You could also read this graph to suggest that fracturable LUT4s are even better than fracturable LUT6s, but I haven't seen any fracturable LUT4s in the wild.
LUT structures
Here's another idea: a LUT6 can represent all 2^64 possible functions, but a lot of these are permutations or negations of each other.
To give an example, A & B
, ~A & B
, A & ~B
, ~(A & B)
and so on are all very similar, and you could transform one of these into another.
So the actual number of 6-input functions is much lower when you consider this.
What if you tried to break down a 6-input function x(a, b, c, d, e, f)
into x(a, b, c, y(d, e, f, g))
or similar?
Then you would have a LUT6 for half the area cost.
This leads to the idea of "LUT structures", where a LUT has a direct feed from its output to the input of another LUT.
ABC calls this an "S44", so I'll use that term.
You can even have two LUTs, with their outputs feeds into the inputs of a third.
This is an "S444" in ABC terminology.

Here's an S44; the S444 is pretty similar.
The only FPGA I know of which uses this is the Hercules Micro HME-M7.
(It doesn't seem to be in production anymore.)
Again, I must handwave packing here; although LUT structures aren't too painful, it can be a bit rough to use a LUT4 as nothing but a passthrough.
Further, due to tooling limitations, I have polyfilled in the LUT4 and LUT5 numbers from the fusible-LUT section; ABC doesn't support mapping anything below LUT6 to an S44.

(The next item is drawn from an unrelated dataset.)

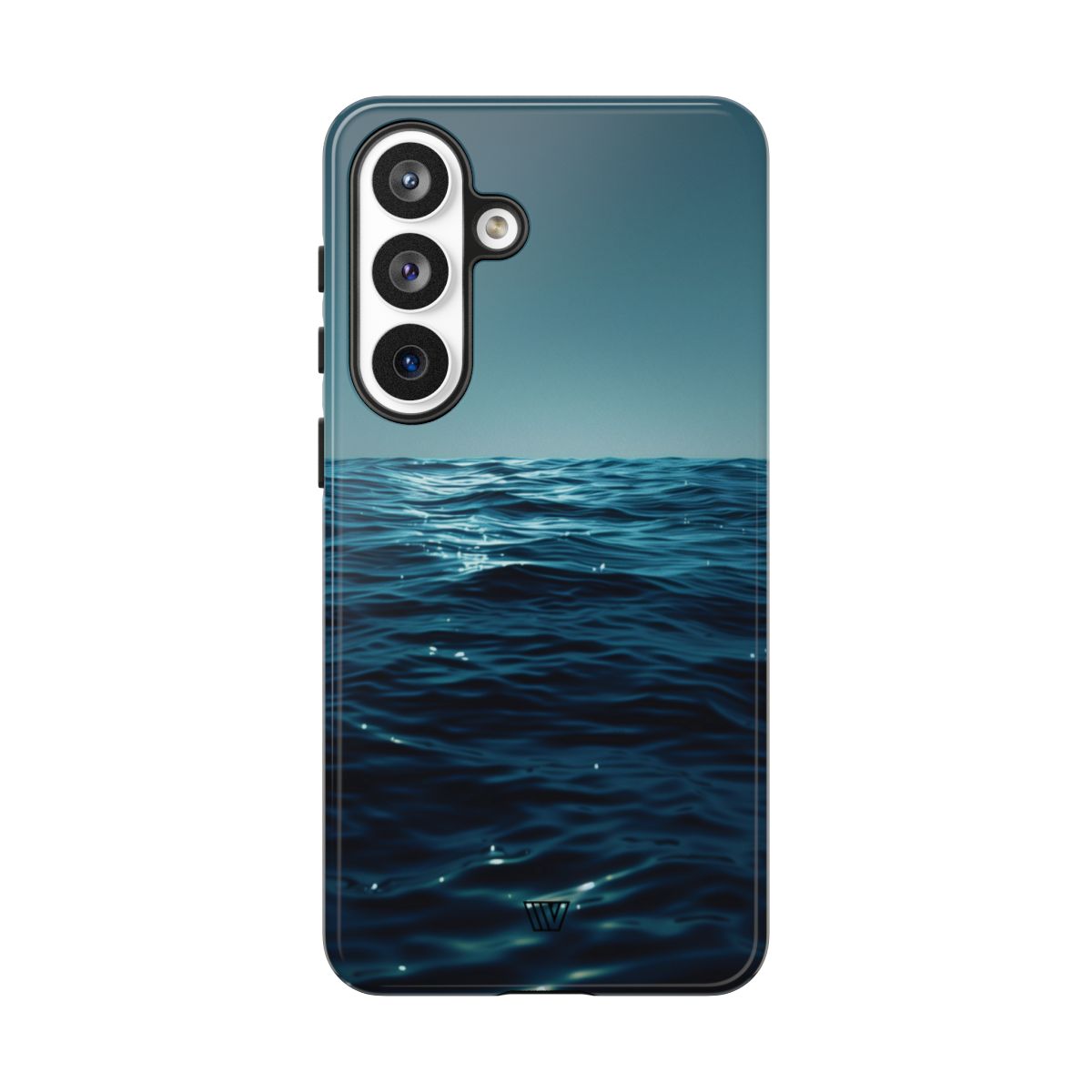 Tough Phone Case Dual-Layer Impact Resistant OCEAN EXPANSE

That graph is almost flat.
Even though the LUT structure can't express the complete set of functions above LUT4, it can express enough of them to pay for the extra LUTs used, right up to finding a useful set of LUT10s to map to an S444.

And so, the delay-area product is flat, because an S44 can achieve the logic levels of a LUT6, and an S444 can achieve the logic levels of a LUT8, while being significantly less expensive.
There is undoubtedly madness in the method, but the results speak for themselves.